= Beginning of Section =

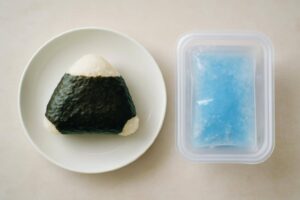 朝作ったおにぎりを夜食べるのは大丈夫?食中毒を防ぐ正しい保存方法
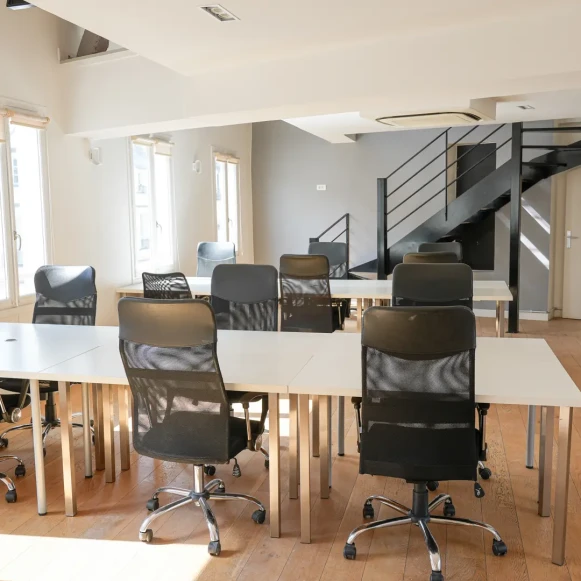 Espace indépendant 194 m² 30 postes Location bureau Rue du Faubourg Montmartre Paris 75009 - photo 1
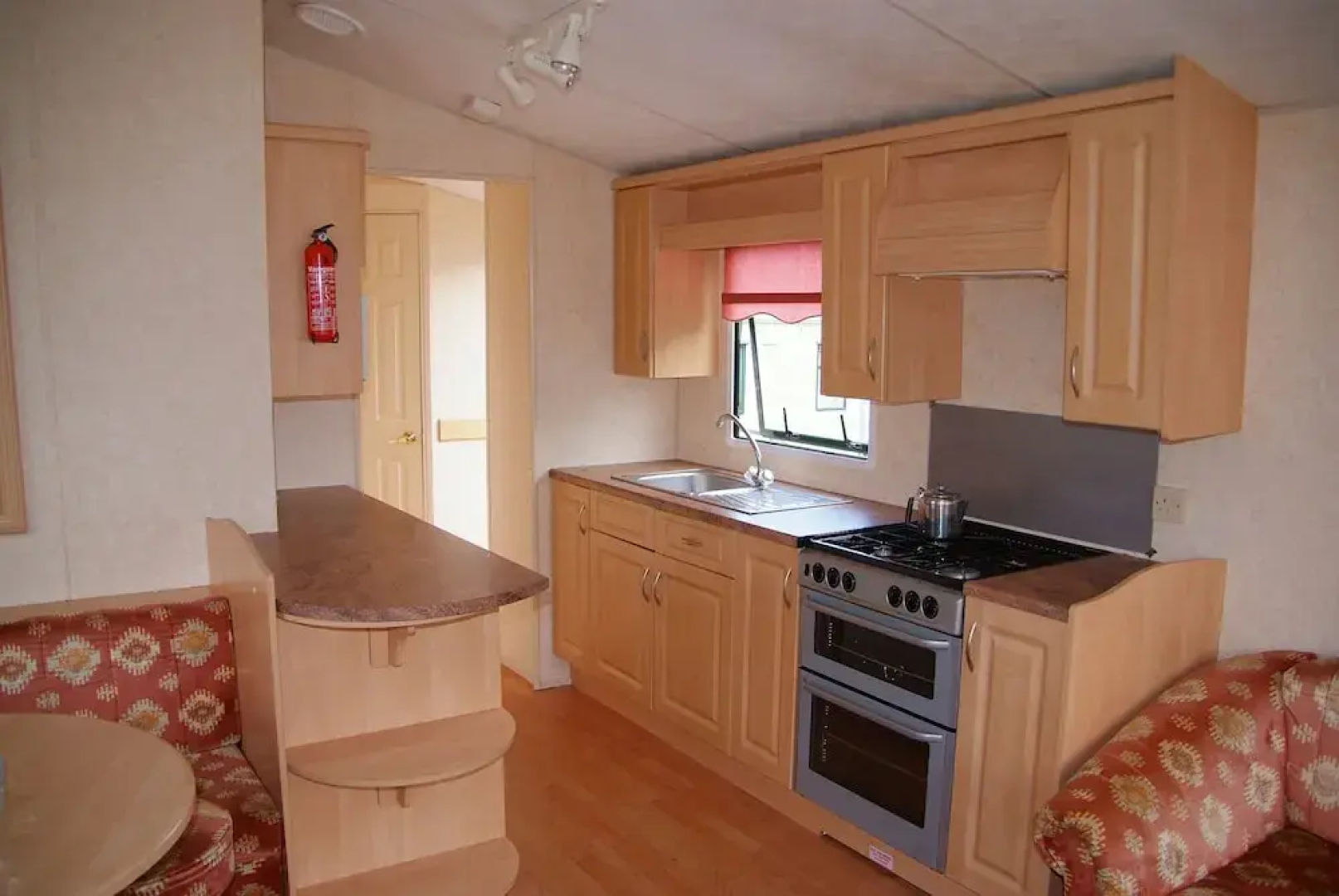 Howells Leisure Fishguard Holiday Park - Caravan Park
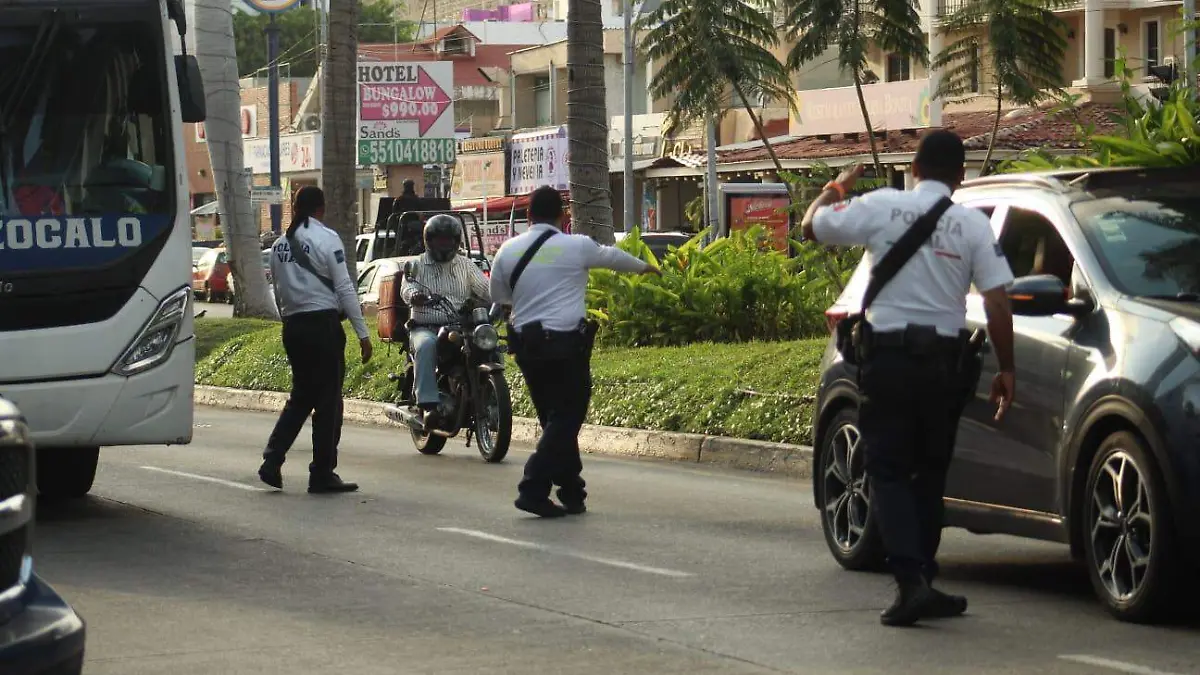 Certificación de policías proceso que marca la ley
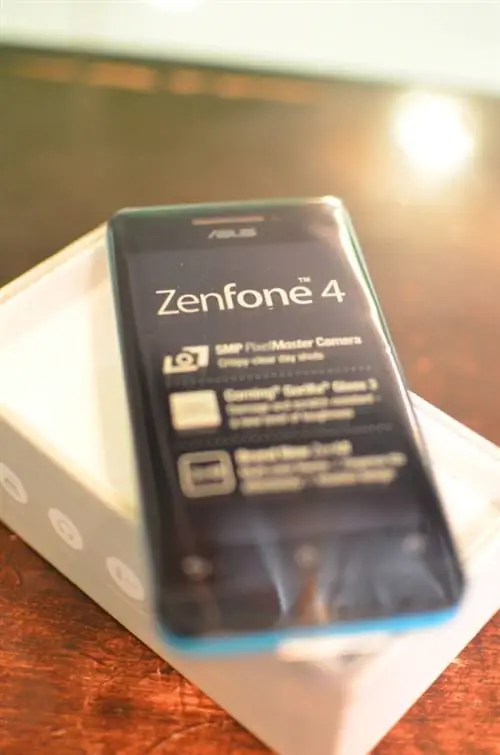 Распаковка Asus Zenfone 4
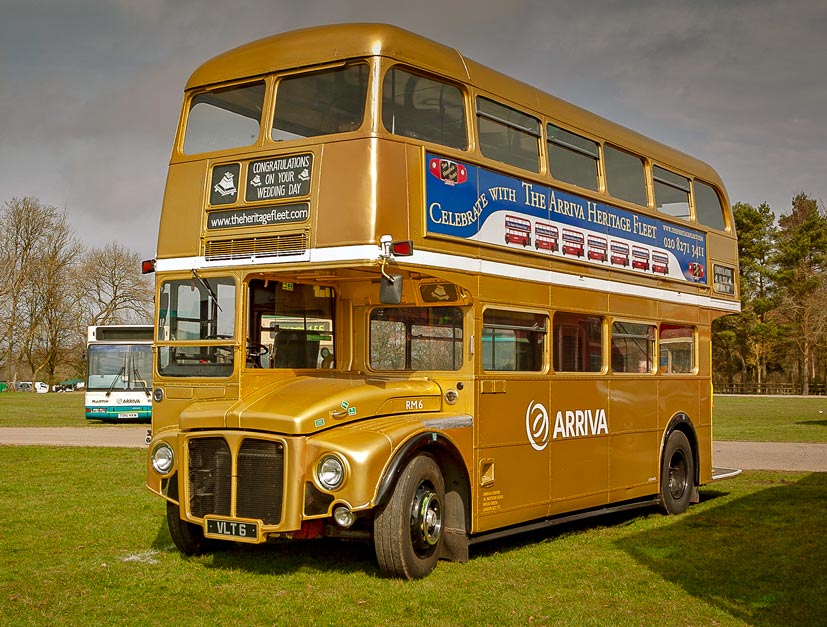 Corgi Vanguards 70th Anniversary of the Morris Minor in 2018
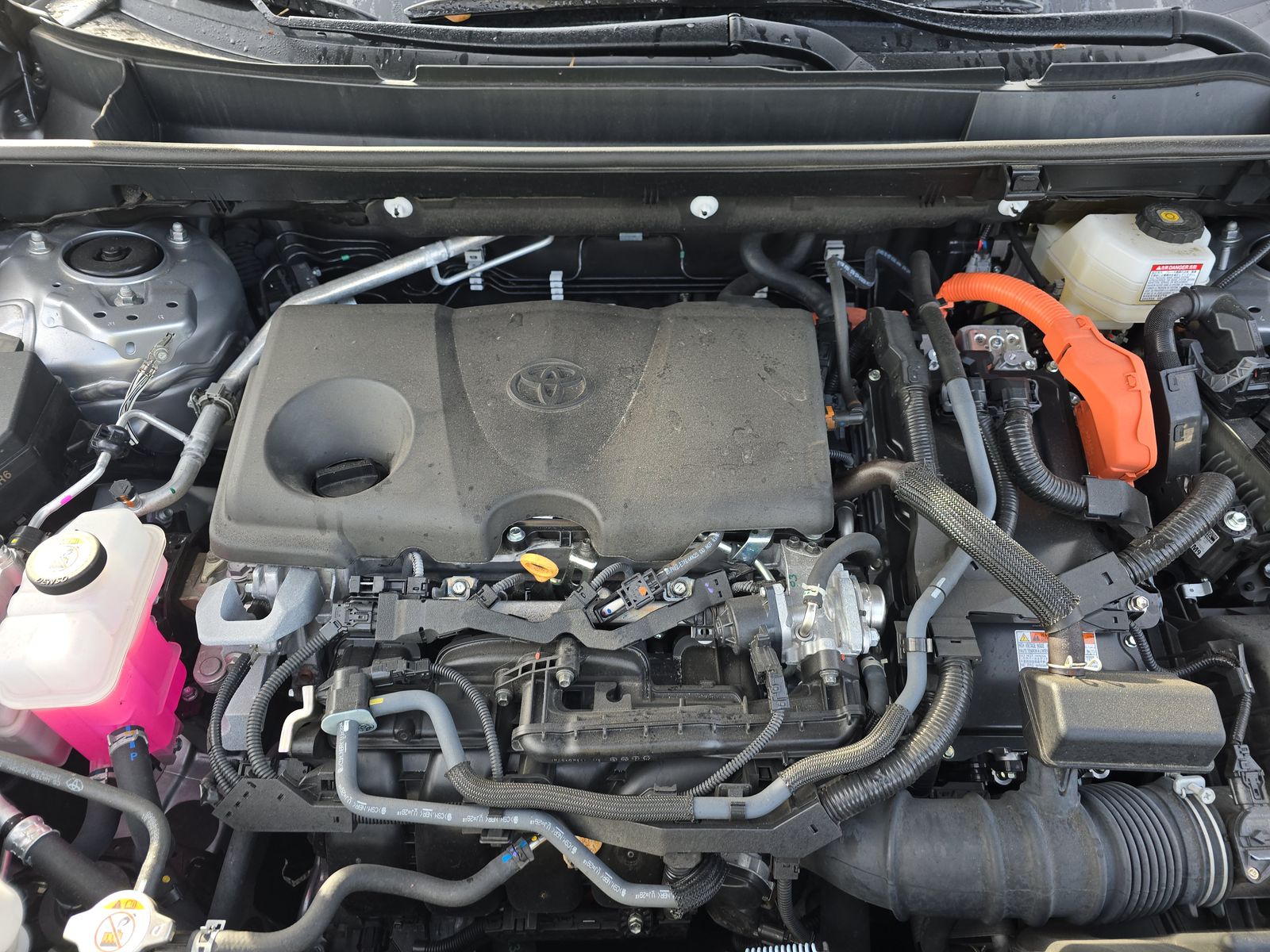 2025 Toyota RAV4 Hybrid XLE AWD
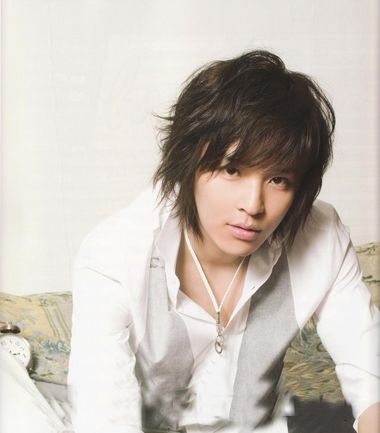 18岁男生长头发发型 男士长发发型图片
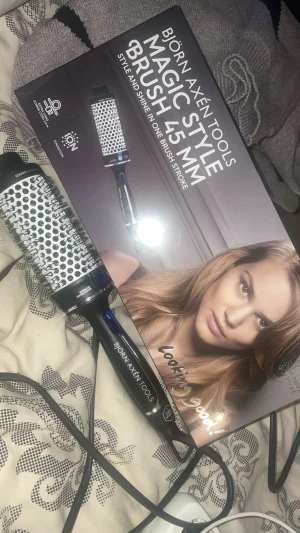 Björn Axel värme borste  - Nypris 699kr. Den kommer ej så mycket till användning. Inget fel på borsten. Man får jätte fina resultat! Kartong ingår.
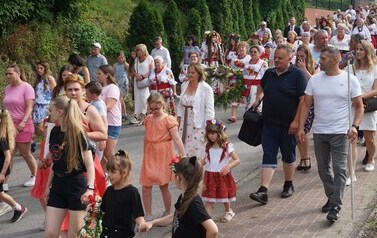 Wianki nad Wisłą w Opatowcu &ndash; tradycja, integracja i edukacja międzypokoleniowa 84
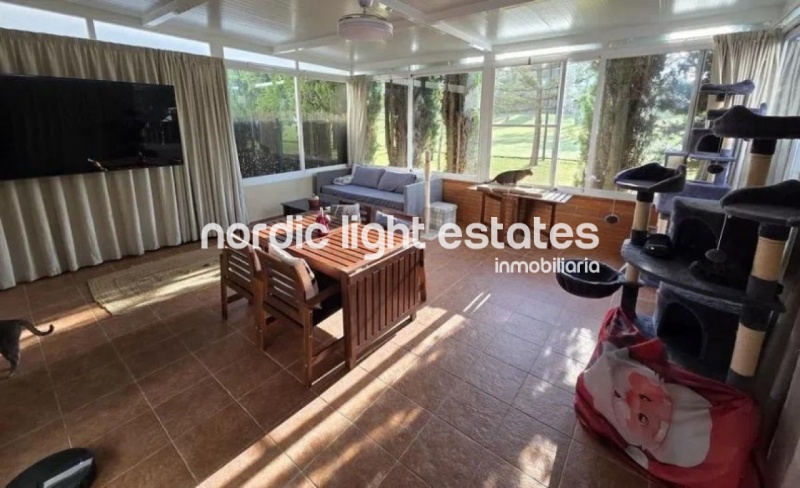 Townhouse located on the front line of Baviera Golf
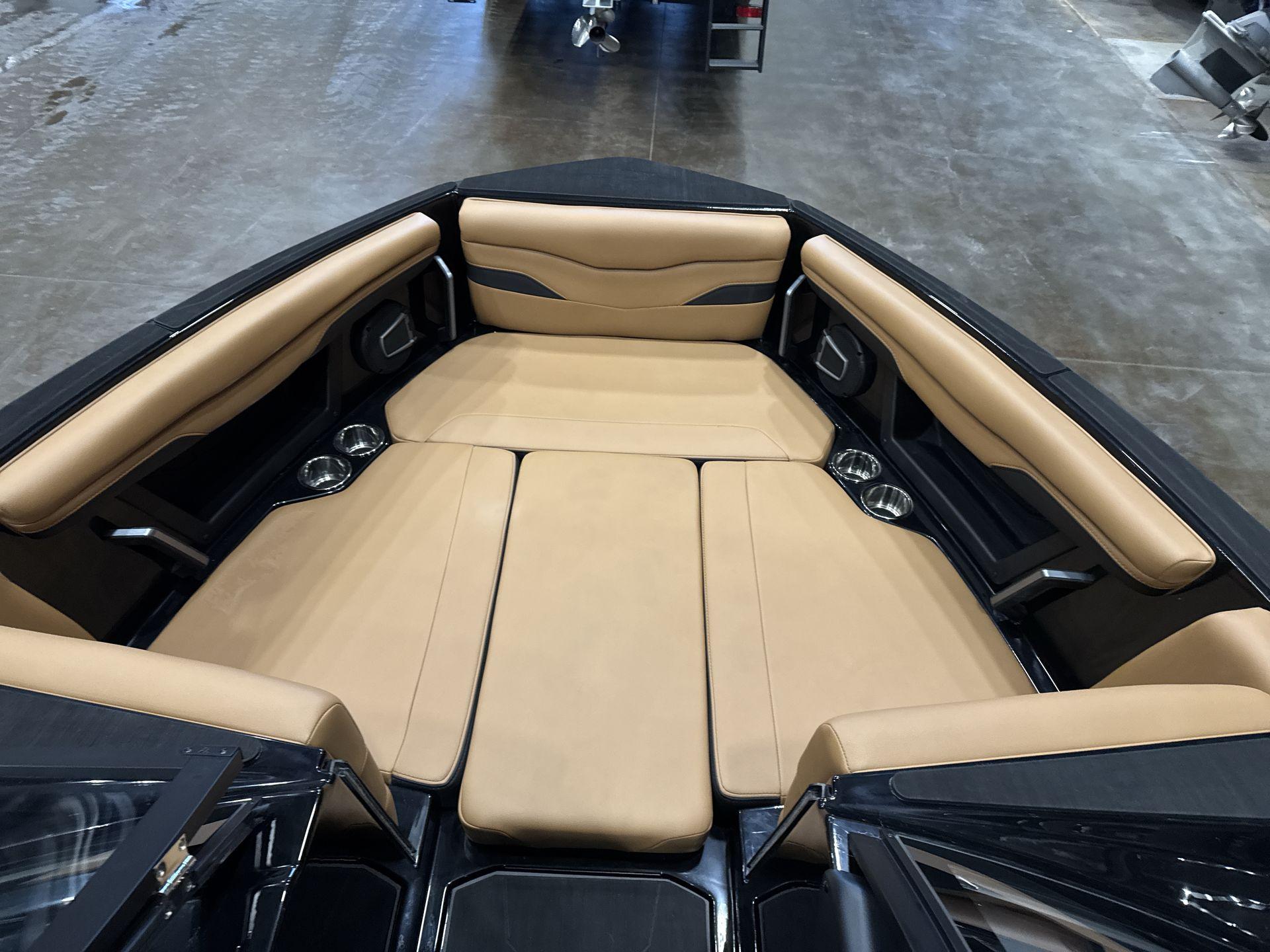 2025 Axis T250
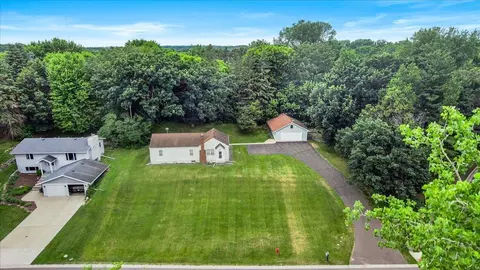 4145 Oakcrest Dr, Vadnais Heights, MN 55127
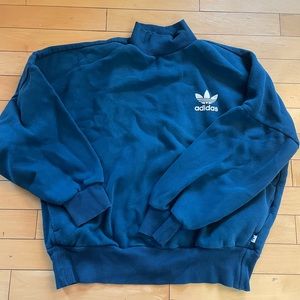 Size small adidas turtleneck sweatshirt with pockets!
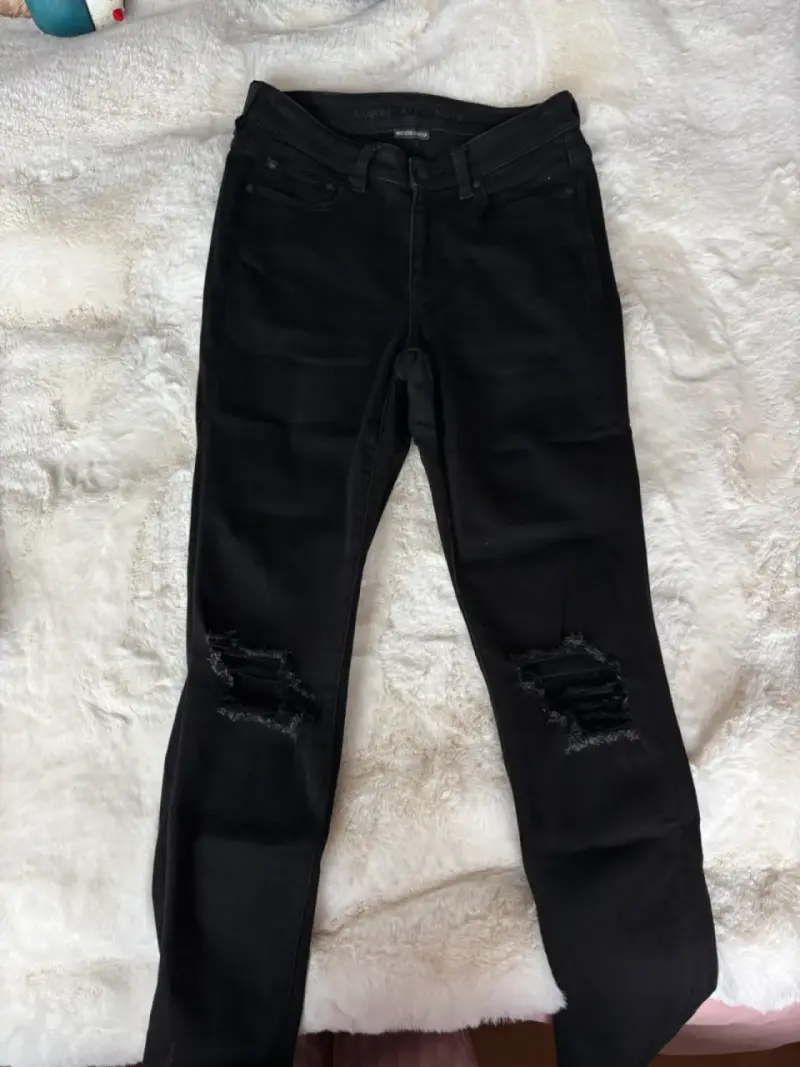 Jeans negros rotos American Eagle - 1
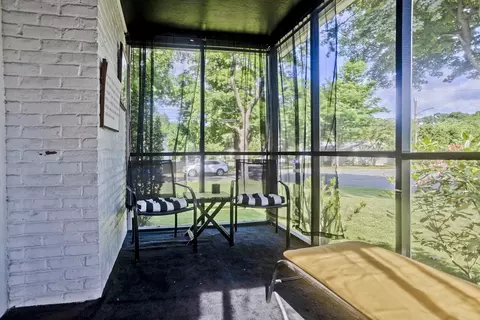 91 Pilgrim Rd, Springfield, MA 01118 photo 23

= End of Section =

▸ **EXERCISE GOAL**
Every entry above needs to be duplicated exactly, without its images.

▸ **SOLUTION**
 朝作ったおにぎりを夜食べるのは大丈夫?食中毒を防ぐ正しい保存方法
 Espace indépendant 194 m² 30 postes Location bureau Rue du Faubourg Montmartre Paris 75009 - photo 1
 Howells Leisure Fishguard Holiday Park - Caravan Park
 Certificación de policías proceso que marca la ley
 Распаковка Asus Zenfone 4
 Corgi Vanguards 70th Anniversary of the Morris Minor in 2018
 2025 Toyota RAV4 Hybrid XLE AWD
 18岁男生长头发发型 男士长发发型图片
 Björn Axel värme borste  - Nypris 699kr. Den kommer ej så mycket till användning. Inget fel på borsten. Man får jätte fina resultat! Kartong ingår.
 Wianki nad Wisłą w Opatowcu &ndash; tradycja, integracja i edukacja międzypokoleniowa 84
 Townhouse located on the front line of Baviera Golf
 2025 Axis T250
 4145 Oakcrest Dr, Vadnais Heights, MN 55127
 Size small adidas turtleneck sweatshirt with pockets!
 Jeans negros rotos American Eagle - 1
 91 Pilgrim Rd, Springfield, MA 01118 photo 23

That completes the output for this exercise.